Kebaikan Yang Buta Warna
Selamat pagi, ibu-bapak, Eyang kung-eyang ti, mbak-mas, dan Saudara-saudaraku yang baik. Puji syukur dan terima kasih kepada Allah yang menuntun kita melewati malam dengan istirahat yang baik, serta memungkinkan kita memasuki pagi yang baru. Bahan Refleksi Harian: 2 Raja-Raja 5:15
Kemudian kembalilah ia dengan seluruh pasukannya kepada abdi Allah itu. Setelah sampai, tampillah ia ke depan Elisa dan berkata: “Sekarang aku tahu, bahwa di seluruh bumi tidak ada Allah kecuali di Israel. Karena itu terimalah kiranya suatu pemberian dari hambamu ini!
2 Raja-Raja 5:15
Saudaraku, salah satu kewajiban suci seorang dokter adalah menolong menyembuhkan seseorang. Seseorang di sini tidak terbatas pada orang yang dikenalnya, melainkan siapapun. Termasuk yang berbeda keyakinan dan agama, suku, golongan dengan dirinya. Bahkan orang dari pihak musuh sekalipun.
Tindakan seperti itu tentu mulia. Kebaikan diberlakukan melintasi segala keperbedaan. Namun, tidak semua orang siap menerima praktik kebaikan demikian.
Konon, ada seorang panglima bernama Naaman. Ia berasal dari kerajaan Aram. Bertetangga dengan kerajaan Israel, namun sikap keduanya saling bermusuhan. Dekat secara letak geografis, jauh dari aspek jiwa persahabatan. Satu sama lain rival.
Naaman punya problem pribadi. Terpapar penyakit kusta. Suatu penyakit yang menyeramkan, sebab belum ada obat penyembuhnya. Penyakit yang membuat malu, karena penderita dianggap kena kutukan. Dan tentu, menular.
Akibatnya, panglima militer itu gundah gulana. Posisi dan jabatan tinggi tidak bisa menentramkan hatinya. Karena jelas, ia tidak bisa menjalankan tugasnya secara optimal. Dan bisa saja suatu saat dicopot jabatannya. Ia sudah berikhtiar mencari pengobatan ke sana-kemari. Hasilnya nihil.

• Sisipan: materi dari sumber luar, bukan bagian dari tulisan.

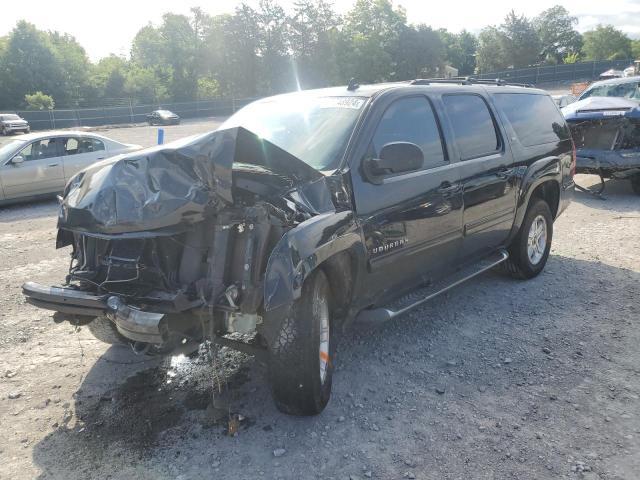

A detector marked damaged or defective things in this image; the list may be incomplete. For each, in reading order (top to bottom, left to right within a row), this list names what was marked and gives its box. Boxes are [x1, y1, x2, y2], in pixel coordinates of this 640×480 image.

crumpled hood [564, 96, 640, 121]
crumpled hood [58, 125, 324, 234]
crushed front end [22, 126, 336, 352]
wrecked black suv [23, 80, 576, 414]
damaged bumper [23, 282, 166, 344]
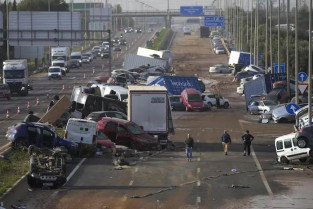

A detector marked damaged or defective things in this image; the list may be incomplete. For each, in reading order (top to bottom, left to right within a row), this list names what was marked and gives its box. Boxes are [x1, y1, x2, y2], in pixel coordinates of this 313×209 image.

destroyed vehicle [5, 121, 77, 153]
destroyed vehicle [97, 117, 158, 150]
damaged car [97, 117, 158, 150]
destroyed vehicle [27, 145, 67, 188]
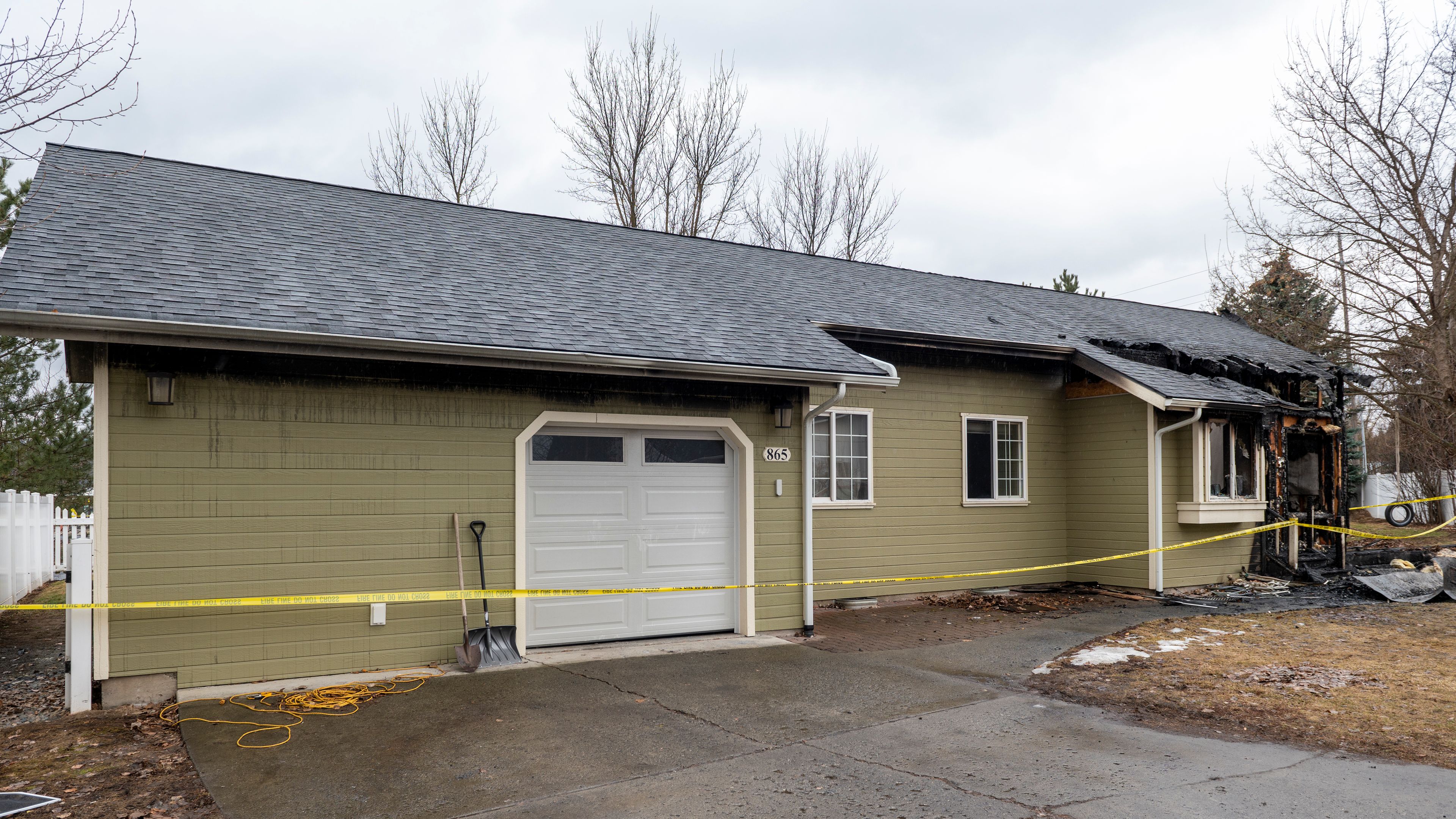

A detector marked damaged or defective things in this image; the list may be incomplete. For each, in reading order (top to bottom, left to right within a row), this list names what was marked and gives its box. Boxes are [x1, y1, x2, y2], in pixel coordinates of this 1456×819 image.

fire-damaged house [0, 143, 1353, 698]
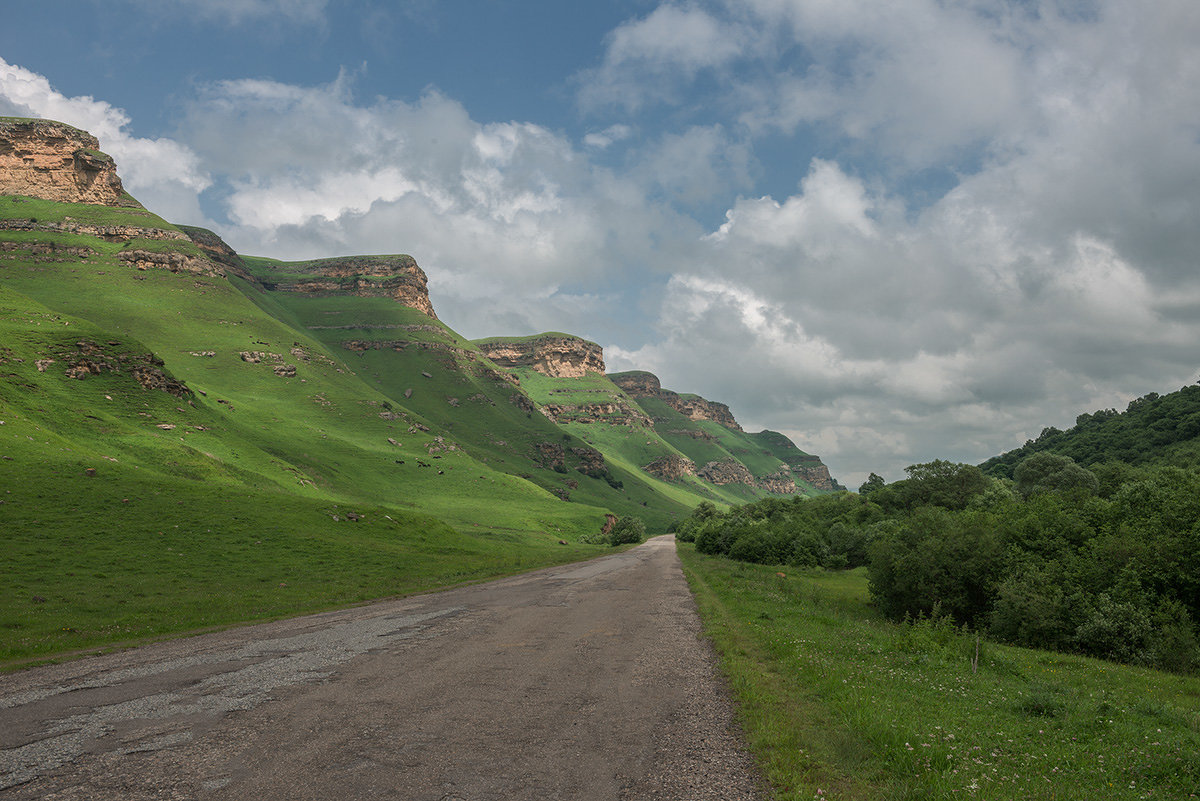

Sampailah kabar baik melalui hambanya (word of mouth). Hamba ini betasal dari kerajaan Israel. Ia perduli dengan kegelisahan dan penderitaan tuannya. Ia coba-coba memperkenalkan nabi Elisa.
Sepotong informasi ini menggugah semangat Naaman. Berbekal membawa sebagai persembahan sepuluh talenta perak dan enam ribu syikal emas dan sepuluh potong pakaian. Awalnya respon raja Israel penuh curiga atas kedatangan panglima dari kerajaan musuhnya. Demikian juga, Naaman meremehkan pola penyembuhan nabi Elisa yang cuma memintanya mandi di sungai.
Semuanya ternyata berujung baik. Dari penyembuhan nabi Elisa ini, dua pihak yang bermusuhan memunculkan sikap terpuji. Naaman memuji Allah Israel dengan mengatakan, ”Sekarang aku tahu, bahwa di seluruh bumi tidak ada Allah kecuali di Israel.”
Demikian juga, raja Israel menjadi tuan rumah yang terbuka untuk menerima kedatangan panglima musuhnya. Ia tidak mencelakai Naaman maupun pasukannya.
Saudaraku, inilah contoh baik. Kebaikan itu merekatkan hati yang tadinya bermusuhan. Bahkan yang berselisih bukan cuma personal, tapi kerajaan. Kebaikan itu mejembatani. Bisa jadi, kita semua mengenal Dokter Lie Darmawan, dokter apung. Dokter yang pengabdiannya memakai kapal lalu mengunjungi pasien di pulau-pulau terpencil. Dedikasi luhur. Di antara orang-orang picik yang masih kental sentimen ke orang Tionghoa, karya Dokter Lie melahirkan apresiasi. Sehingga ketika kapalnya kandas, betapa banyak yang tergerak memberi bantuan.
Di tengah pandemi, kebaikan yang buta warna dinanti yang membutuhkan.
Kita berdoa: Tuhan, jadikan kami cahaya bagi orang di sekeliling kami. Yakni berbuat baik tanpa membedakan2 orang.
Hari ini, betapa penting kami membangun relasi harmonis dengan siapapun bukan permusuhan.
Kami menyerahkan yang sakit, yang tengah mengalami problematik hidup. Angkatlah beban mereka, ya Tuhan.
Kami mendoakan agar suka cita dan kebahagiaan hadir di tengah ulang tahun pernikah bpk. David Maitimmu.
Inilah doa kami. Kabulkanlah permohonan kami. Dalam nama Yesus, kami berdoa. Amin.